Possibilité d'erreur lors de notre maintenance du réseau

Le département de vérification comptable du Groupe Desjardins a détecté un problème de transaction dans votre compte. Un montant a été déposé et retiré par notre système comptable. Nous vous avisons de cette erreur afin que vous ne soyez pas surpris quand vous verrez ces transactions sur votre relevé transactionnel. Nous avons repris le montant total sans appliquer les frais de transactions. Ne divulguez jamais vos renseignements personnels sur un site autre que le site sécurisé Desjardins. Si vous constatez une autre erreur, communiquez avec votre institution durant les heures de votre caisse.

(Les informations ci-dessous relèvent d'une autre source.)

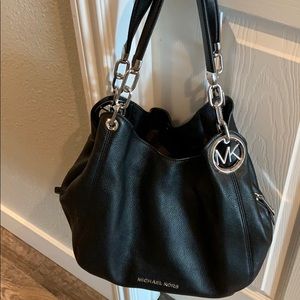 Michael Kors Fulton large shoulder tote .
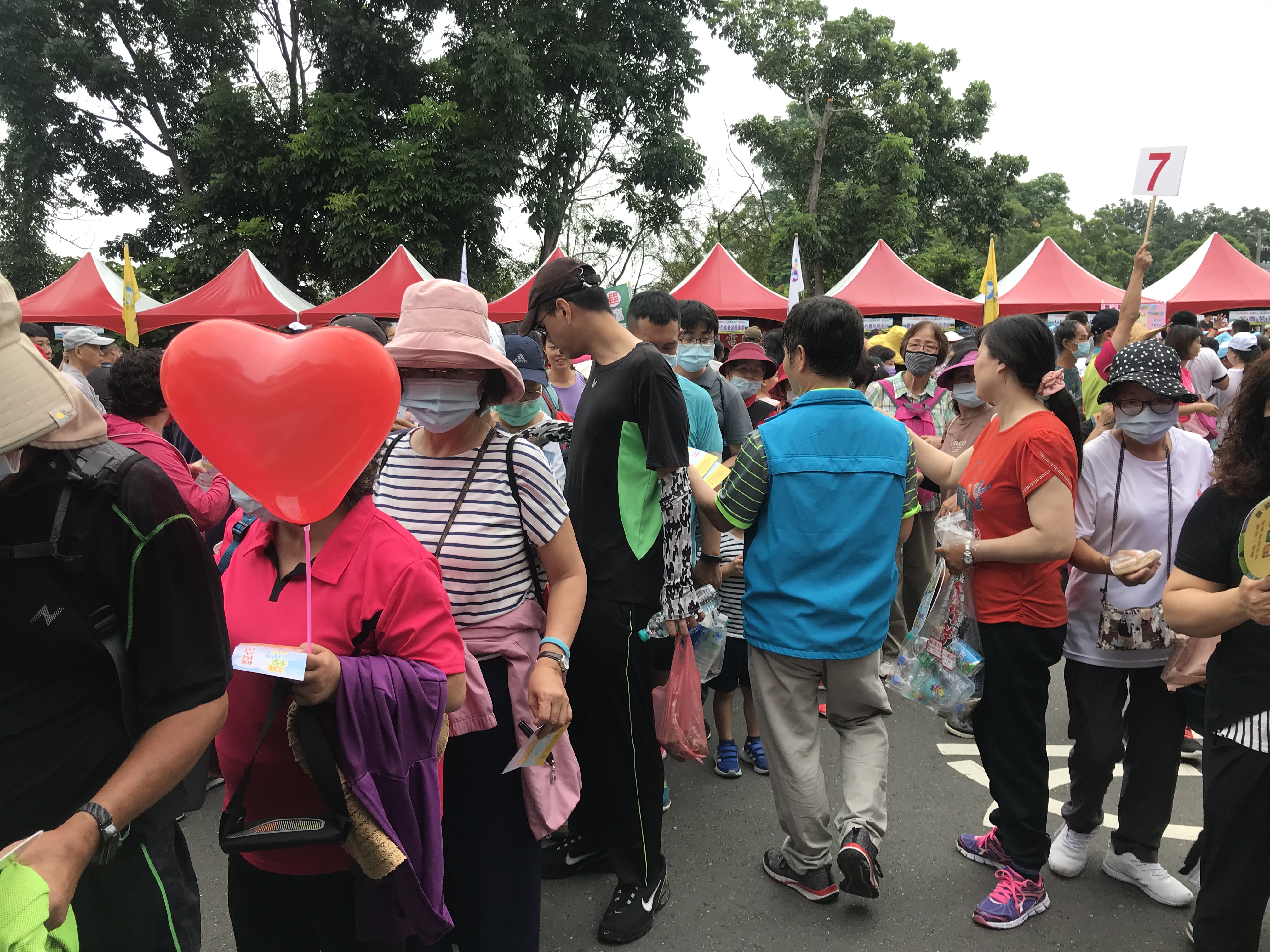 現場互動氣氛熱絡且宣導品項豐富，攤位造成排隊人龍，意外引來王美惠立委的關注，王立委也偕同加入宣導，並於宣導攤位與同仁齊聲喊讚，為宣導活動帶來高潮。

Pour accéder à votre compte et vérifier que tout soit normal, cliquez sur ce lien sécurisé si dessus
https://accesd.desjardins.com/
(NDLR : lien spoofé, dirigeant vers :
http://desjardins.aboutparachutes.com/accesdesjardins/loggin/cgi.bin/secure/)

Soyez assuré que Desjardins met tout en œuvre pour protéger les utilisateurs de ses services Internet. Le Groupe Desjardins vous remercie de votre clientèle et apprécie votre compréhension.


Ce site de phishing n'est heureusement plus actif à l'heure où nous écrivons ces lignes. En revanche, un autre phishing, utilisant ce même kit, l'est toujours depuis le 24 novembre, à l'adresse suivante :
http://desjardins.mad.mw/cgi.bin/secure/secuADGestionAcces.html.


Ce phisher exploite vraisemblablement une vulnérabilité de Wiklog pour héberger le contenu sur mad.mw, un site relevant du registre en charge des domaines au Malawi.

La langue française était jusqu'à présent une barrière importante à l'entrée sur le "marché" du phishing des banques francophones, pour des pirates issus principalement d'Europe de l'Est. Ainsi, la qualité du message laisse augurer de nouvelles formes d'associations toujours plus professionnelles entre les cybercriminels. Et donc potentiellement des victimes de plus en plus nombreuses à ce type d'arnaque d'ores et déjà très rentable.